Setup & Initial Configuration Cost
While it is true that compared to traditional industrial systems like AGVs, AMRs boast a simpler configuration, there will still be time and effort incurred to get an AMR up and running. Time and manpower will be taken out of their usual roles to modify and adapt the environment to be compatible with the movement of AMRs. There will also need to be time and effort spent to create the maps or paths that AMRs rely on for their movement, and subsequent re-mapping to refine the routes for improved efficiency.
While deployment is generally fast, there is likely to be a period of transition where your employees will need time to become acquainted, familiar, and confident in operating the AMR. Lack of adequate training or user-unfriendliness of the AMR could lead to deployment delays.
As part of the configuration and deployment, training costs will need to be factored in. If your workforce has had little or no prior experience in operating robots, it would be wise to factor in greater time as well as training to equip your employees with the skillset and know-how in human-robot collaboration and AMR software interfaces.
When work or project objectives are changed, AMRs might need to be reconfigured to match the change. AMRs that are not easy to reconfigure, or complicated to use, can cause downtime on your operations and lead to additional costs.
Advantages/Benefits that Justify the Cost of AMR
As important it is to see the full picture of the costs of implementing AMRs, it is also crucial to keep in mind the cost justifications for AMRs. As with any other technology, costs are involved in AMR implementation, but in the long run, successful implementation and operations of AMRs can become a key driver of cost efficiency and overall productivity.
Reduced labor costs
AMRs can be highly flexible in the way they augment your workforce – they can either replace a sizeable portion of unskilled labor, or they can complement workers to make them more efficient and productive. In the long run, these translate into significant labor savings.
Better safety and a lower rate of accidents
While human workers are limited by health and fluctuating energy levels, robots are comparably more consistent, if they are maintained well. They improve workplace safety and reduce the number of mistakes in your operations – saving costs from damaged equipment and repairs.
Better overall affordability
Compared to conventional automation systems out there, AMRs win in overall affordability, without the need for big investments to renovate environments and add infrastructure. AMRs have relatively quick deployment ranging from a few weeks to a few months, and the number of AMRs can be easily scaled up or scaled down depending on the operational need.
Calculating the ROI for your AMR
One useful metric is calculating the ROI payback period for your AMR investment.
To calculate the ROI payback period (or in other words - how many years it would take for you to recoup the cost of investment in AMRs and begin generating a positive ROI), you would first need to calculate the total cost of AMR investment. This includes the capital cost, implementation cost and maintenance cost of the purchased AMR fleet, and can even include other hidden costs as mentioned in this article such as deployment costs, training costs and reconfiguration costs.

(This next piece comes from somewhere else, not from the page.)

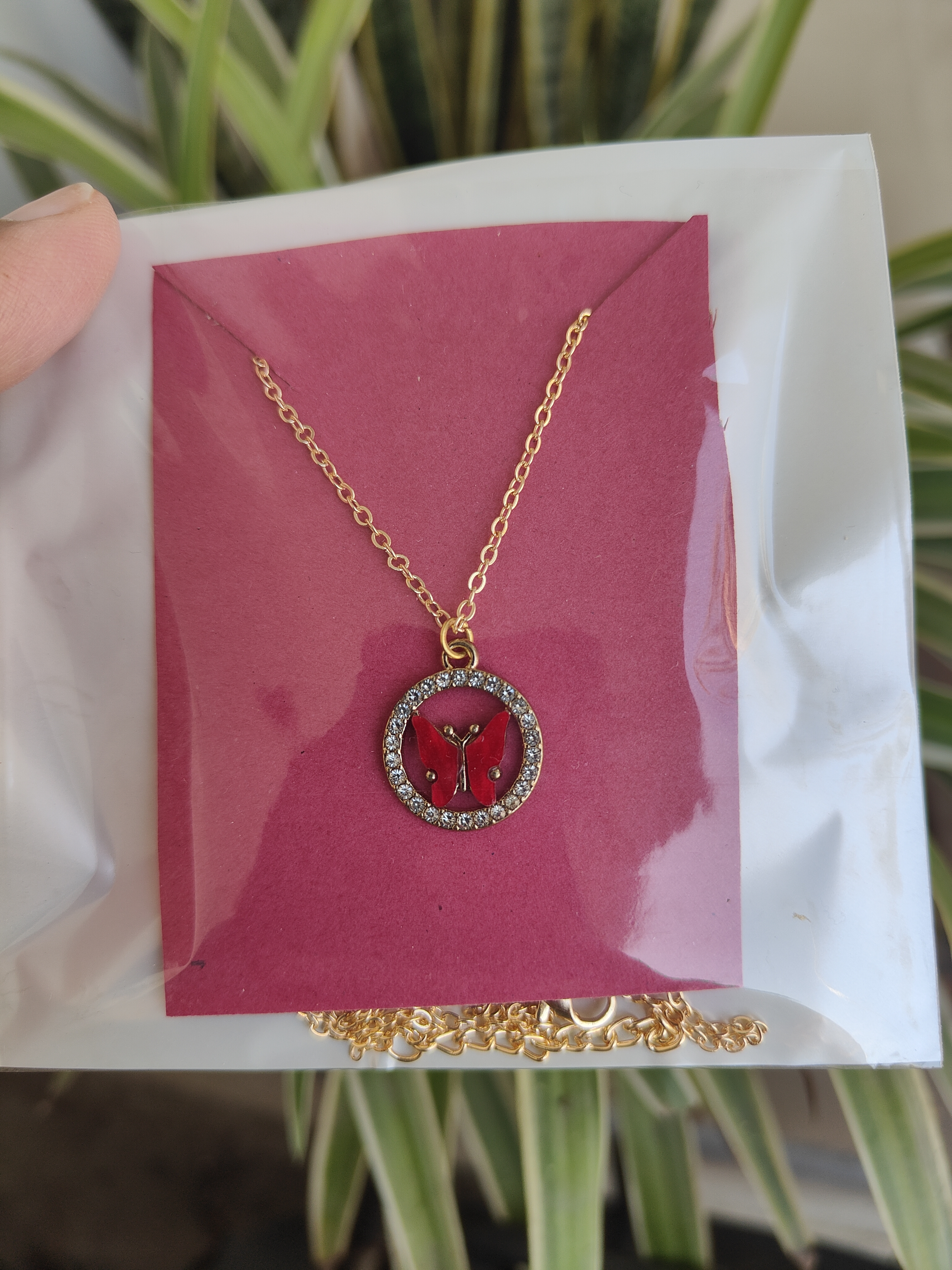 Elegant Red Enamel Pendant Necklace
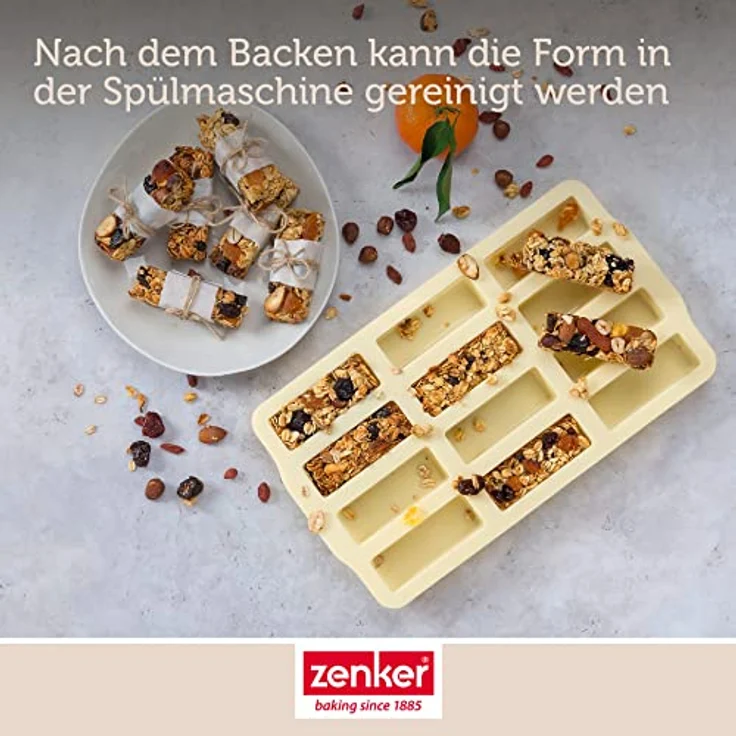 Zenker Müsliriegel Backform 4er-Set, Silikonform mit Antihaft-Eigenschaften für 48 Riegel, hitzebeständig und spülmaschinengeeignet – Bild 5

Secondly, you would need to calculate the annual labor savings from the AMR investment. For example, that can look like calculating the annual wages of your FTEs that you have reduced or redeployed from your warehouse after the introduction of AMR solutions.
Divide the cost of AMR by the annual labor savings to get your estimated ROI payback period.
Examples of companies getting a positive ROI
At Geek+, we have helped countless businesses achieve high ROI on their AMR investments. Check out these three success stories, which are only a few out of many.
Case study 1: Yanfeng
Yanfeng is a world leader in automotive interiors focused on product development, system integration, and design. In their production process, they faced the challenge of low efficiency of moving materials to production line, difficulties managing inventory, long material transportation path, poor visibility of the manufacturing flow and high error rates.
Geek+ provided Yanfeng with moving robots M100 for transferring raw materials to production lines. By connecting Geek+ Moving System (GMS) to WMS and MES, it enabled real-time visibility of the manufacturing process. This helped Yanfeng achieve lower labor costs, 99% material handling accuracy, and effective real-time monitoring of manufacturing process.
Case study 2: Konica Minolta
Konica Minolta is a Japanese multinational technology company with offices in 49 countries worldwide manufacturing business and industrial imaging products for the production printing market. They faced the challenge of low operating efficiency of material delivery, high maintenance costs, poor timeliness, and high labor-intensity in their warehouse that was still staffed with traditional technologies like AGVs.
Geek+ provided Konica Minolta with 10 P800 robots in the warehouse with integration to the Geek+ iWMS , achieving precise management of materials.
Along with that, 3 M100 robots featuring SLAM navigation at the production line was also implemented for the delivery the materials from warehouse to production line. All these led to stock-taking frequency reduced by 92%, material delivery efficiency increased by 31~42%, and storage area saved by more than 32% for Konica Minolta.
Case study 3: Decathlon
Decathlon is the world’s largest sporting goods retailer, specializing in the mass sports market, integrating the entire production chain of sports product design, R&D, production, branding, logistics, and retail. With the rapid growth of their e-commerce business, Decathlon faced the challenge of low picking efficiency that was unable to keep up with the rising demand.
Geek+ provided innovative warehousing solutions for Decathlon’s massive Kunshan warehouse: an RFID technology-based goods-to-person picking and inventory program. The project area was about 2,000 square meters, with 46 P800 robots, 7 picking stations, and 7 single-point stations. The total inventory of the warehouse is nearly 300,000, involving more than 20,000 SKUs.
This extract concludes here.